:: Prompt ::
No pictures, please. Copy exactly the lines from the one with "Brother Tape TZE-151" through the final line below.

:: Material shown ::

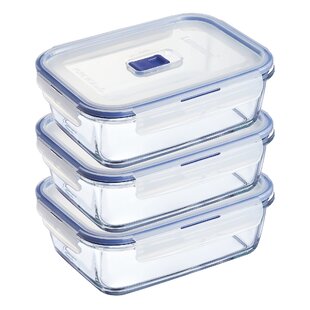 https://assets.wfcdn.com/im/33872401/resize-h310-w310%5Ecompr-r85/9998/99985268/pure-box-active-glass-food-storage-51-cup408-oz-set-of-3.jpg
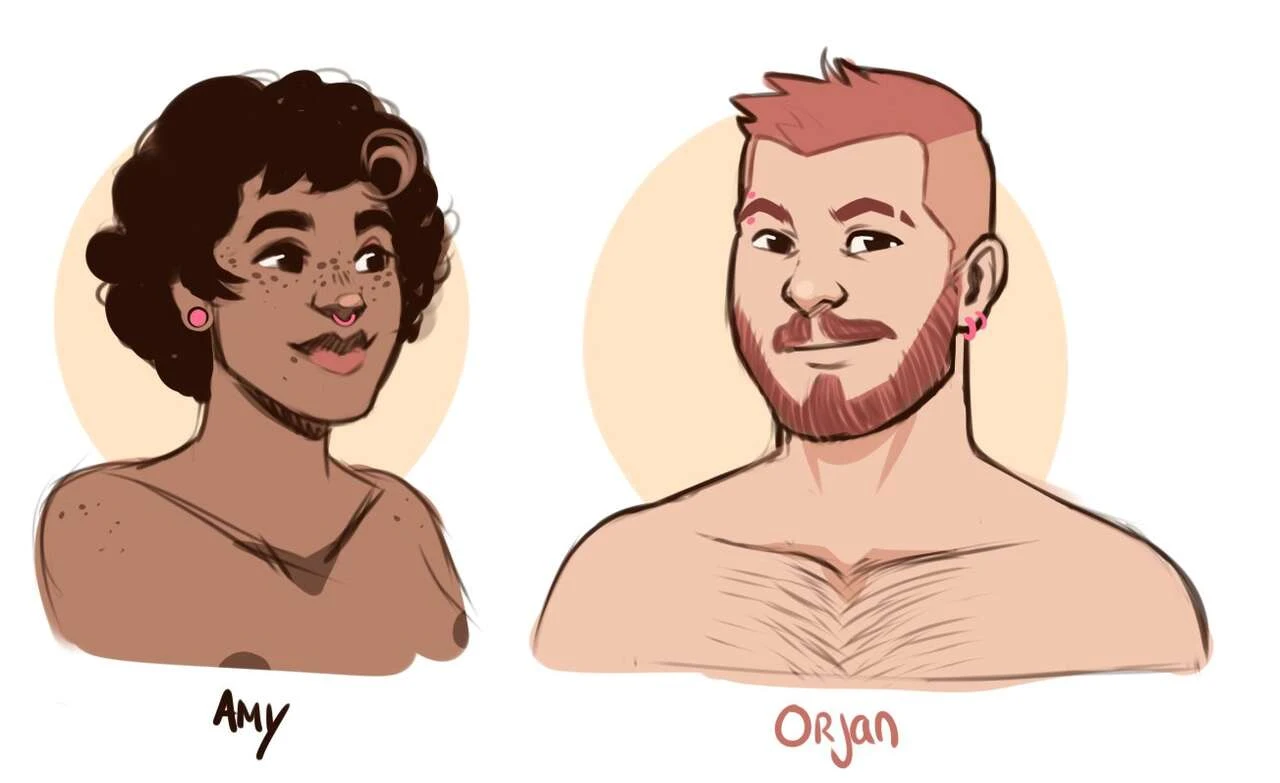 Trying  Things image number 5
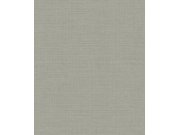 Šedá vliesová tapeta na zeď, imitace látky, ORB104, Wall Designs III, Khroma by Masureel Tapety Yara - Khroma by Masureel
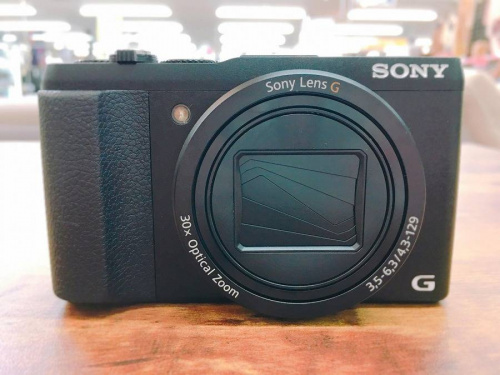 大阪市　買取の東大阪店家電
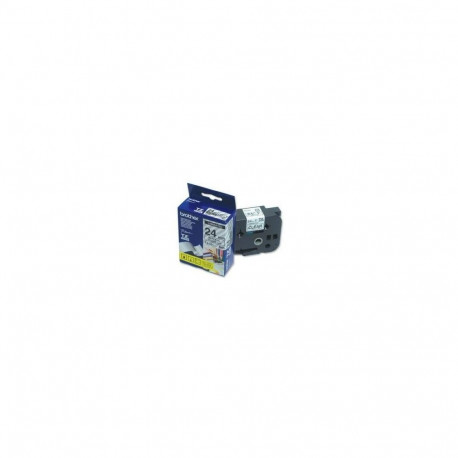 Brother Tape TZE-151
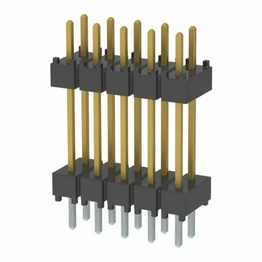 DW-05-10-S-D-500 samtec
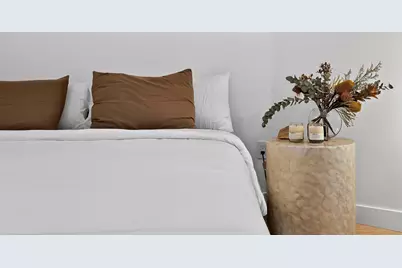 117 Webster Ave, Jersey City, NJ 07307 - Photo 39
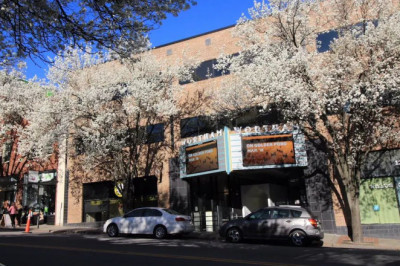 Romantic Cabins in Asheville NC | Luxury Cabins in Asheville NC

:: Response to the task ::
 Brother Tape TZE-151
 DW-05-10-S-D-500 samtec
 117 Webster Ave, Jersey City, NJ 07307 - Photo 39
 Romantic Cabins in Asheville NC | Luxury Cabins in Asheville NC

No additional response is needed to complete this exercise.